* Data extract:
————————
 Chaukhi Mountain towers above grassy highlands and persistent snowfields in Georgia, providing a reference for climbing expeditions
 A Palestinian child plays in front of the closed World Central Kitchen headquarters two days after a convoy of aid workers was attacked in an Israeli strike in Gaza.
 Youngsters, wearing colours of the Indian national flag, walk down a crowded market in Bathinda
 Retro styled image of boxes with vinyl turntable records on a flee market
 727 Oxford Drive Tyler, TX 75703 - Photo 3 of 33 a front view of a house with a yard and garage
————————
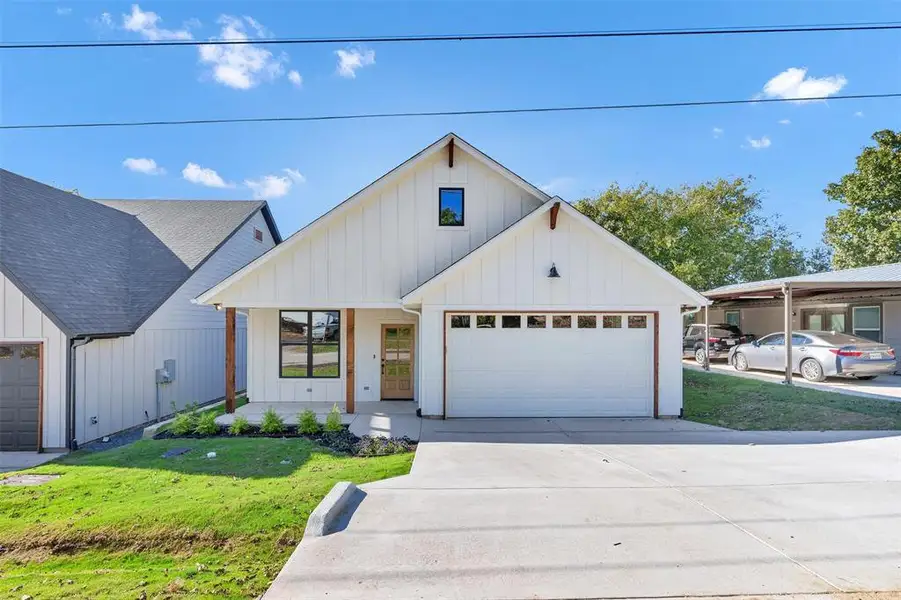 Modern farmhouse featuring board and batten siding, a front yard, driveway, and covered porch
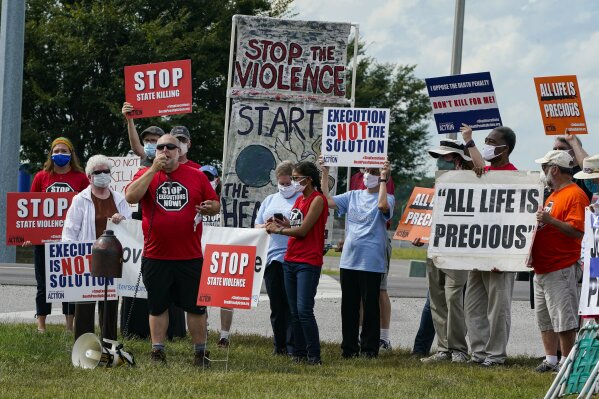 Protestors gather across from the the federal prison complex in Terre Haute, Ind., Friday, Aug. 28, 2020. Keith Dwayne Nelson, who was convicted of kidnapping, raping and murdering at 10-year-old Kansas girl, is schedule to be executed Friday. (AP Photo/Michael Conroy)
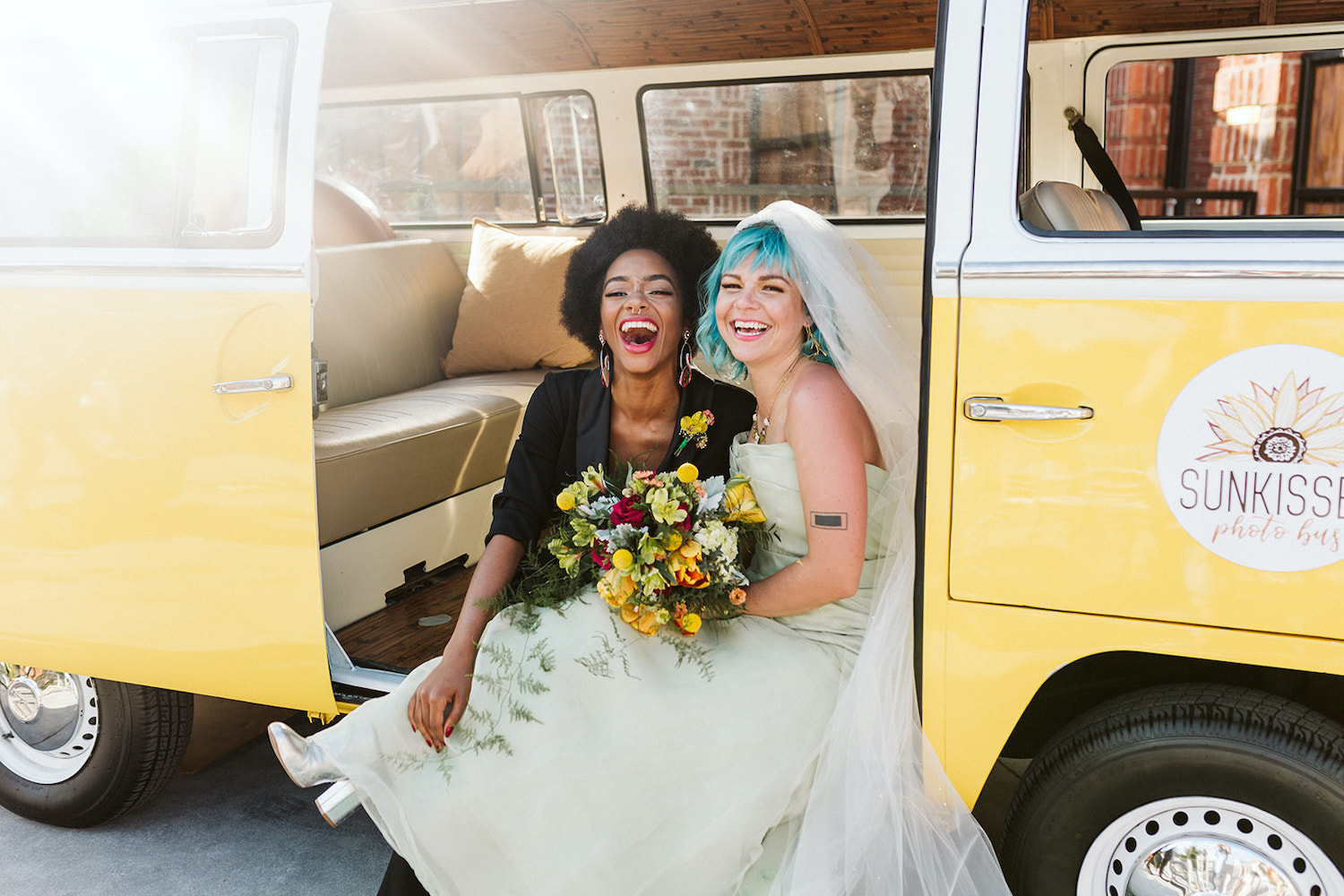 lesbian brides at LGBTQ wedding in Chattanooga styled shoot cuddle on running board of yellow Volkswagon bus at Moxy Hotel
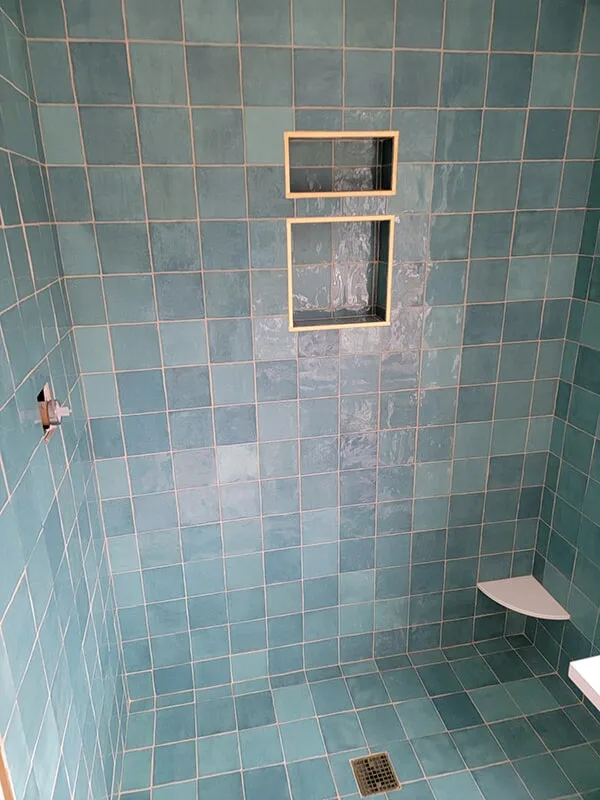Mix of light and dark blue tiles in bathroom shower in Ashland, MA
————————
* Try it: Work out how many lines of the listing above include "market"; the reply is that number alone.

* Answer to this task: 2